BaseDccPump (cooperative drain)
Hosts that pump their own queue from an idle/tick callback should expose a drain_queue(budget_ms) -> DrainStats method and a stats property:
from dcc_mcp_core import BaseDccPump, DrainStats, PumpStats
class MyPump:
def drain_queue(self, budget_ms: int) -> DrainStats: ...
@property
def stats(self) -> PumpStats: ...DrainStats(drained, elapsed_ms, overrun) reports a single tick; PumpStats(ticks, drained, overrun_cycles) is the cumulative counter.
InProcessCallableDispatcher (reference)
from dcc_mcp_core import InProcessCallableDispatcher, build_inprocess_executor
dispatcher = InProcessCallableDispatcher()
executor = build_inprocess_executor(dispatcher)
# Pass `executor` to McpHttpServer.set_in_process_executor / DccServerBase.register_inprocess_executor.
# Standalone fallback for mayapy / batch — runs scripts inline:
inline_executor = build_inprocess_executor(None)Concrete production dispatchers (Maya UI thread, Houdini hou.session …) typically subclass InProcessCallableDispatcher and override submit_callable to enqueue onto the host's main-thread queue instead of running inline. cancel, shutdown, and the per-job JobEntry bookkeeping are inherited as-is.
Per-job cancellation
current_callable_job is a contextvars.ContextVar[JobEntry | None] set by InProcessCallableDispatcher for the duration of every submitted task.
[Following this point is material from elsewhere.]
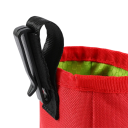 Tragbare Tasche für Hundefutter und Leckerlis, leichte Hüfttasche zum Spazierengehen, Hundefutter-Trainingstasche, atmungsaktive Snacktasche für den Außenbereich 5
Skill scripts can poll it without depending on an MCP request context:
from dcc_mcp_core import current_callable_job, check_dcc_cancelled
def main(frames):
for frame in frames:
check_dcc_cancelled() # honours both MCP token AND callable-job flag
# equivalent manual probe:
# job = current_callable_job.get()
# if job is not None and job.cancelled: raise CancelledError()
render_frame(frame)check_dcc_cancelled() (cancellation API, #522) already routes through current_callable_job in addition to the MCP CancelToken — prefer it over hand-rolled probes.
MinimalModeConfig (declarative startup)
from dcc_mcp_core import MinimalModeConfig
CONFIG = MinimalModeConfig(
skills=("scene_inspector", "render_queue"), # full-load at startup
deactivate_groups={"render_queue": ("submit",)}, # leave the `submit` group inactive
env_var_minimal="DCC_MCP_MINIMAL", # falsy → load every discovered skill
env_var_default_tools="DCC_MCP_DEFAULT_TOOLS", # comma/space-separated override
)Resolution order, executed by DccServerBase.register_builtin_actions:
env_var_default_toolsset & non-empty → load only those skills.env_var_minimalset to"0" / "false" / "no" / "off" / ""→ load all discovered skills.- Otherwise → load
skillsand applydeactivate_groups.
See Server Factory API for wiring MinimalModeConfig and the in-process executor into register_builtin_actions.